Quanto hanno inciso gli infortuni e la profondità della rosa?
"Di sicuro avranno inciso e rientrano in quella che é organizzazione, i frequenti infortuni non sono mai un caso ma una conseguenza di una gestione sbagliata. Questo vale in tutte le categorie, troppo spesso si fa passare il caso infortuni come alibi o sfortuna ma non lo é".

La squadra aveva i valori tecnici per salvarsi?
"Parliamo di due squadre che in questa stagione si sono alternate, dove ha visto nel mercato di gennaio 15 arrivi e 17 partenze. Se parliamo di soli valori tecnici dico sicuramente si ma ci vuole tutto il resto attorno a questo".

Quali sono le basi per ripartire?
"Intanto c'è da capire se ci sarà la possibilità di un eventuale ripescaggio e soprattutto se la nuova società avrà le intenzioni di tentarlo. Le basi per ripartire dovranno essere competenza, professionalità e serietà. Ma personalmente quando una stagione parte male e si sente parlare di cambio società sono tutti campanelli d’allarme, quindi sinceramente fin da subito ho sempre pensato potesse essere destinata ad un finale di questo tipo".

Cosa ti aspetti dalla società?
"Che si faccia vedere presente e soprattutto che operi in serietà per quelle che sono le richieste della categoria che andrà ad affrontare".

Arezzo o Ascoli in B?
"Due corazzate che si stanno dando battaglia colpo su colpo e che hanno reso un campionato chiuso fino a qualche mese fa, ora molto affascinante. L’Arezzo a differenza dell’Ascoli lo vedo leggermente in difficoltà e con un po di timore, sarà un finale di campionato bello da seguire".
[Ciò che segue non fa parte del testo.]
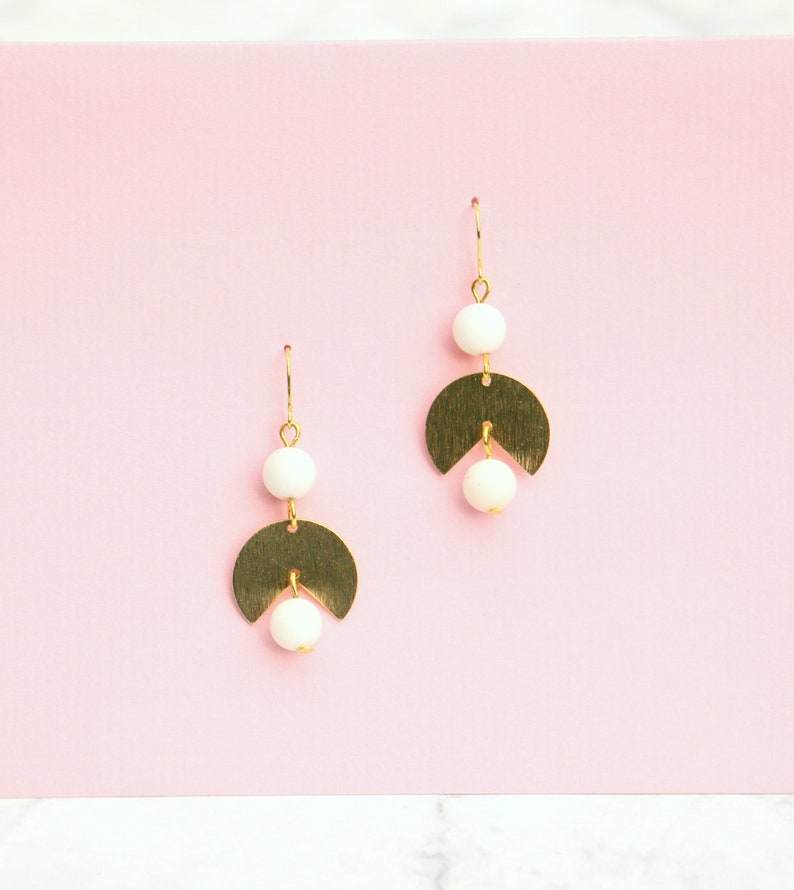 May include: A pair of gold earrings with white beads and a crescent moon shape. The earrings are on a pink background.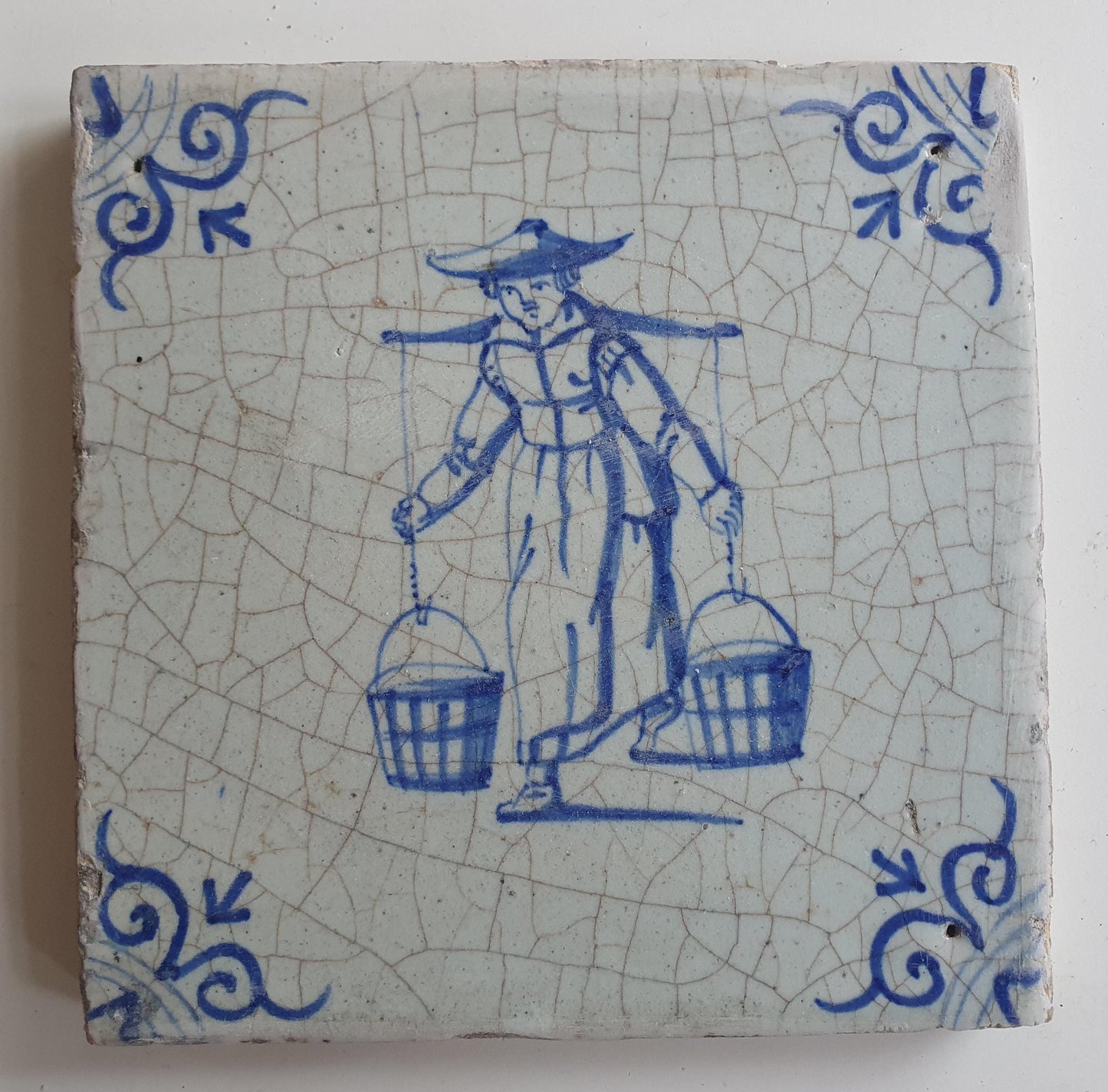 17th Delft tile was  made around 1650 and depicts a woman with buckets
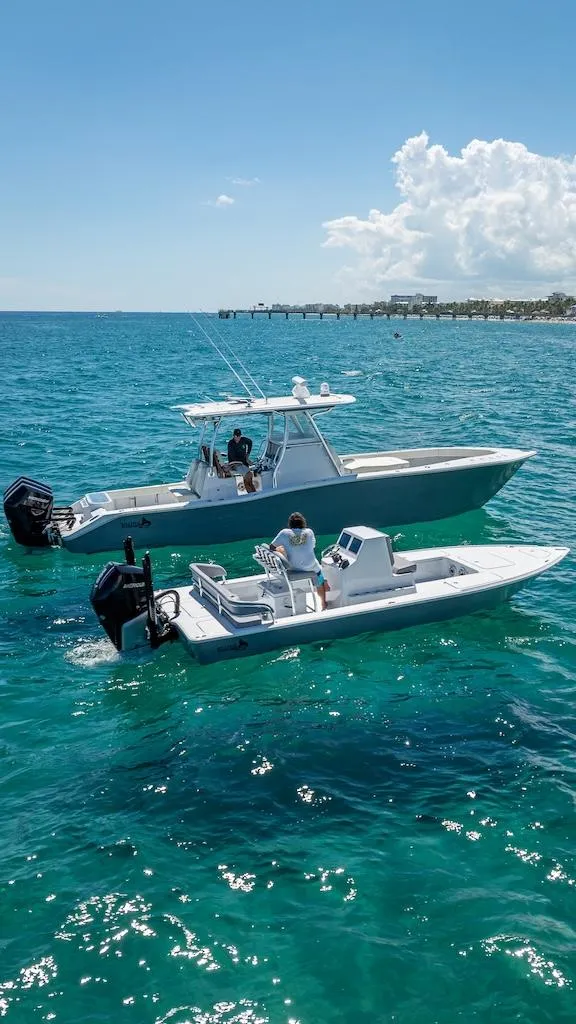 Slide: The Image of 2025 Billfish 39 Center Console boats on clear blue ocean water. - 19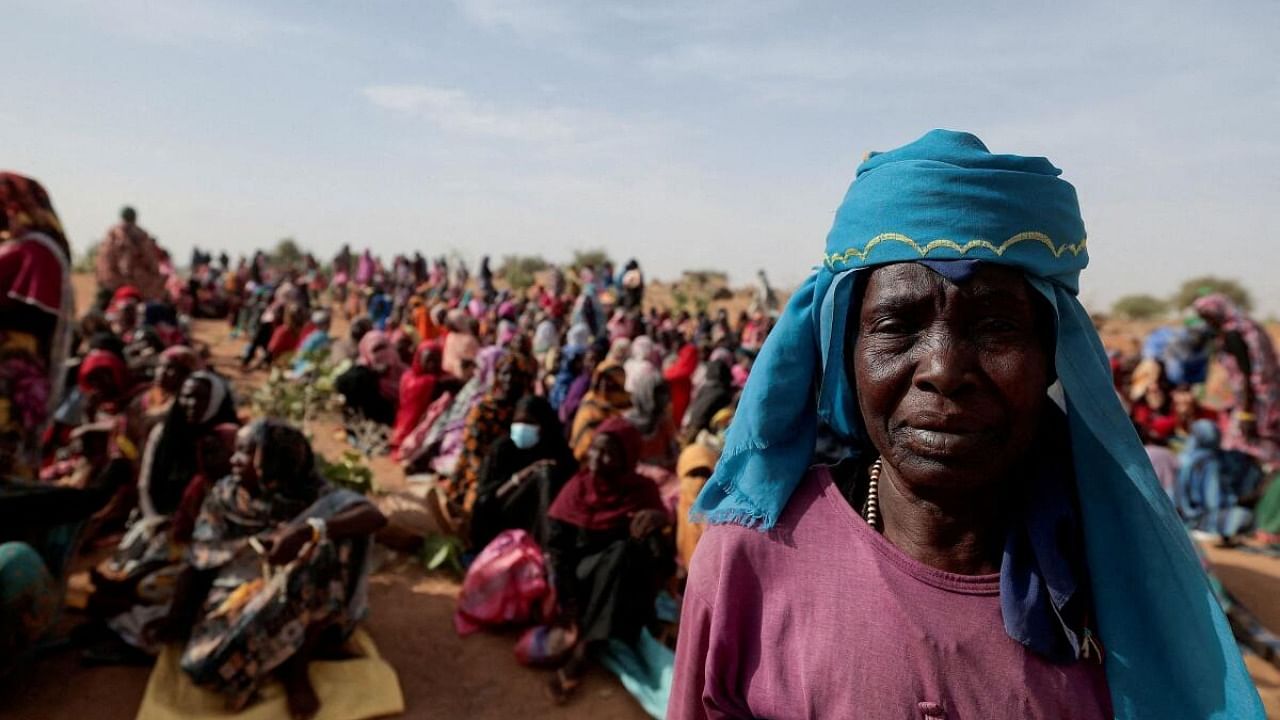  Halime Adam Moussa, a Sudanese refugee who is seeking refuge in Chad for a second time, waits with other refugees to receive a food portion from World Food Programme (WFP), near the border between Sudan and Chad in Koufroun, Chad, May 9, 2023. Credit: Reuters Photo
Fattore tecnico o mentale in questo momento?
"Principalmente mentale che solitamente avvantaggia chi rincorre rispetto a chi viene rincorso e raggiunto".

La Lucchese invece è tornata in D.
"Finalmente! Pur avendo un organico importante non é mai semplice vincere in queste categorie, quindi bisogna dare grande merito ad ogni singola persona che ha lavorato a questo e per questo meraviglioso finale. Colgo l’occasione in merito di mandare un saluto a tutti i tifosi rosso neri,con l’augurio che sia solo l’inizio di anni fiorenti".